O bien el pensador francés Michel Foucault era un trilero o simplemente cambiaba de opinión con facilidad. No hay más que leerse las transcripciones de sus charlas en el Collège de France para darse cuenta de que en pocas ocasiones coinciden los títulos de los seminarios con los contenidos que en ellos se desarrollan. Uno de los casos más flagrantes es el del texto editado con el título de “Nacimiento de la biopolítica” que, curiosamente, no versa sobre biopolítica sino que es uno de los mejores tratados que existen sobre el origen del neoliberalismo. En sus páginas, el autor francés explica que a mediados del siglo XVIII tuvo lugar uno de los cambios más notables respecto a la idea de lo que significa gobernar. Durante ese periodo el papel del gobernador pasó de ser el de quien debe procurar el bienestar general de los ciudadanos a ser el de quien tiene que asegurar que los ciudadanos encuentran un mercado estable en el que puedan prosperar. El buen gobierno ya no reside en la procuración del bienestar, sino en favorecer las condiciones para que cada sujeto, de forma individual, pueda forjarse su propio bienestar. No es casualidad que ese momento coincida con el nacimiento de la economía política y del liberalismo.
Esta transformación se ha ido sucediendo de forma gradual. Lentamente ha ido afectando a todos los ámbitos del gobierno y, claro, de la vida. La esfera de la cultura también se vió afectada por este cambio de perspectiva. A finales de la década de los setenta y principios de los ochenta cambió para siempre el paradigma que regía los modos de gobernar la cultura. El Estado pasaba de ser el garante del acceso a ser el regulador de los mercados que debían de facilitar el acceso a toda la ciudadanía. Este cambio, que se perpetró a diferentes velocidades e intensidades, venía camuflado bajo la guisa de las industrias creativas, los emprendedores culturales, el mecenazgo, etc. El Estado cedía parte de sus competencias al mercado, que debía ser el encargado de realizar la acción cultural. Las políticas culturales se transformaron paulatinamente en políticas económicas.
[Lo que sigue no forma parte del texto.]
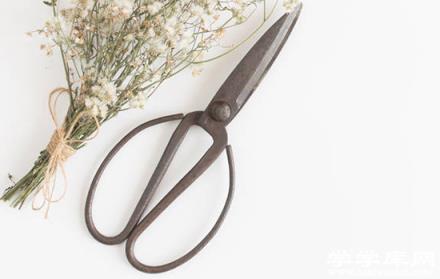 哈爾濱有哪些工藝品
Bienvenidos a la jungla, bienvenidos al neoliberalismo.
En la campaña de las elecciones que van a determinar quién nos gobernará los próximos cuatro años se ha hablado poco de cultura. En los debates televisados no se ha hablado de cultura en absoluto. Aun así, a algunos se nos inflaron las expectativas cuando en el debate que mantuvieron Rajoy y Sánchez se mencionó la cuestión del IVA cultural. ¿Podía ser ese el comienzo de una conversación sobre políticas culturales? ¿Entraba por fin la cultura en campaña? Lamentablemente no. Hablar de IVA no es hablar de cultura. Hablar de IVA es aceptar que las políticas culturales sólo pueden ser políticas económicas. Hablar de IVA es hablar de regulación económica de la cultura, no hablar de cultura. El IVA no es cultural, es una carga fiscal sobre el consumo. Hablar de cultura es hablar de valores, de pensamiento, de afectos, de estética, de producción, de transformación, de acceso productivo, de crítica, de desigualdades, de incomodidades, de deseos, de posibles y de lo que a veces nos hace más vulnerables pero no por ello más débiles. Parafraseando a un posible Rajoy: hablar de impuestos es hablar de impuestos, y la cultura es muy cultura y mucho cultura.